(Katherine Frey --The Washington Post) (Katherine Frey/The Washington Post)

Metro’s board of directors praised a new strategic plan Thursday that lays out $26 billion worth of major improvements to the system in the next three decades, but some members acknowledged that the key in moving it forward will be getting regional support – especially to pay for the ambitious plans.

The transit agency, unlike other major ones, does not have a dedicated funding stream based on taxes. It receives funding from the federal government, Maryland, Virginia and the District.

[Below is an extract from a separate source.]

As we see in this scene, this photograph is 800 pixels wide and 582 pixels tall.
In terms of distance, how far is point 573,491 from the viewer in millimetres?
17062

Metro says it will need billions of dollars to pay for building a new tunnel under the center of the District, a second tunnel under the Potomac and other improvements so the aging system can handle an increase in riders in the coming years.

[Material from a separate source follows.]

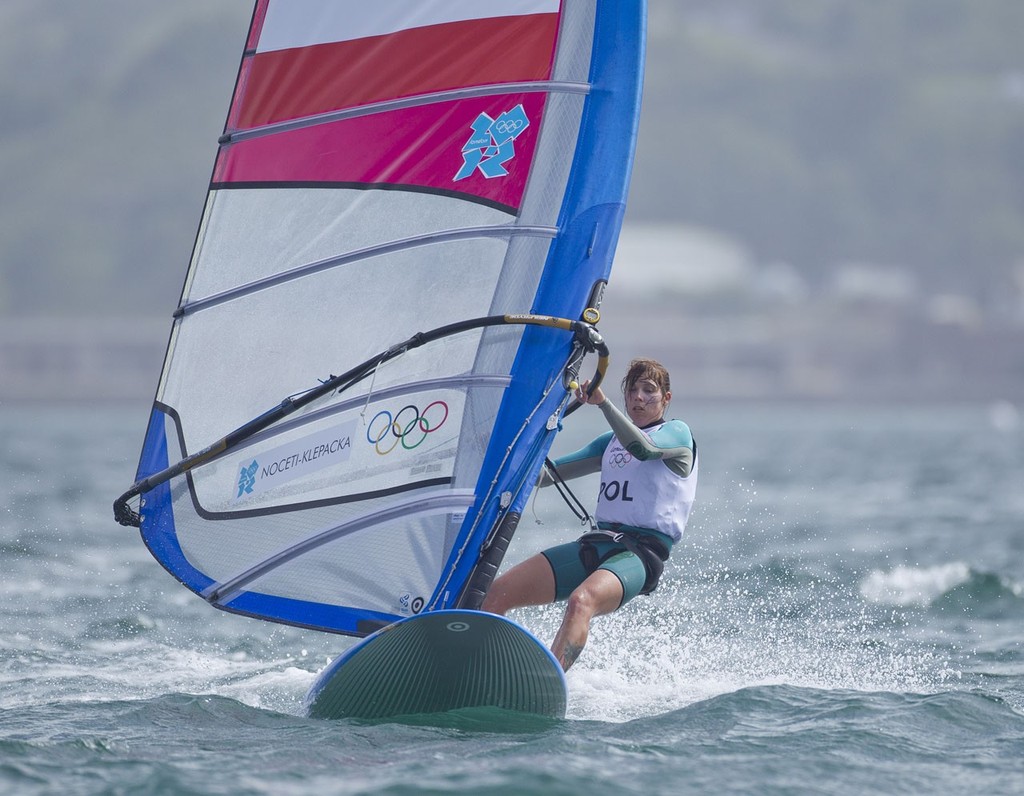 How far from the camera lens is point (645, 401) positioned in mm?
5676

The proposed new rail tunnels — one under 10th Street to Thomas Circle and another between Rosslyn and Georgetown and on to Thomas Circle — would be massive undertakings. The projects would require major financial commitments from local and federal governments and would take several years to plan and several more years to complete.

Mary Hynes, a Metro board member from Arlington, said that as the plan is presented to area chamber, civic and business groups, board members should be involved to help gain support.

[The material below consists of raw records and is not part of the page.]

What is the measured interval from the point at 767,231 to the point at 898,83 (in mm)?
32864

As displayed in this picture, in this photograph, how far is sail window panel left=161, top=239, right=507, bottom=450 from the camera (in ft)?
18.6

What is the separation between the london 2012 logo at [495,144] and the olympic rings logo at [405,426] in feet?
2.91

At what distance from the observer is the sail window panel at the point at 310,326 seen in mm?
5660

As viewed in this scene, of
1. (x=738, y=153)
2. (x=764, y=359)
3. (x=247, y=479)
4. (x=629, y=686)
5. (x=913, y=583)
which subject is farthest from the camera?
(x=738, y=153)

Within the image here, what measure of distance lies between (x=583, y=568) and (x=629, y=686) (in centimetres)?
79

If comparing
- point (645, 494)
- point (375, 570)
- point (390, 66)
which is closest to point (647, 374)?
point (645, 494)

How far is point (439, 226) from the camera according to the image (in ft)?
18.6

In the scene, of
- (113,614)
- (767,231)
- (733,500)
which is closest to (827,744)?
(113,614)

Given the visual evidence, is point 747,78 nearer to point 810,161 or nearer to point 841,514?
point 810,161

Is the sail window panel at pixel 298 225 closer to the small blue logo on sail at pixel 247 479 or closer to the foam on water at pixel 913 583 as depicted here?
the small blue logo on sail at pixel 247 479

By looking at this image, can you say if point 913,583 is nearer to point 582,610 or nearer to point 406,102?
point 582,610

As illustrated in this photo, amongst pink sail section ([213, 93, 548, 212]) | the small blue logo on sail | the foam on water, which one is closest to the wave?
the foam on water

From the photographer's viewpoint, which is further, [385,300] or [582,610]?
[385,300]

“Now comes the really hard part, where the conversation needs to happen in the region of how we do this,” she said.

Hynes said the conceptual ideas in the plan wouldn’t get done “unless the public says, ‘We want to pay for this.’ ”

“There is no cover for legislatures today without that,” she continued.

The Maryland and Virginia state governments have been struggling to try to figure out how to pay for transportation initiatives while also paying for other needs.

Artis Hampshire-Cowan, a board member from Prince George’s County, said she believes the plan, while good, could run into competition from other regional needs.

Most of her counterparts, she said, “think about roads and bridges.”

“As we work with diminishing resources, we’re really going to have to sell it.”

Along with the proposed tunnels, Metro says it must spend billions of dollars to upgrade the rail system’s electrical grid to handle more eight-car trains and must add pedestrian corridors between transfer stations such as Metro Center and Gallery Place. Above ground, Metro needs to buy more buses, build more bus garages and create bus-only lanes on busy downtown streets.

Metro’s board also chose Tom Downs of the District to serve as chairman and Mort Downey, who is a federal government representative, as first vice chair and Alvin Nichols of Prince George’s County as second vice chair. Cathy Hudgins of Fairfax stepped down as chairman of the board.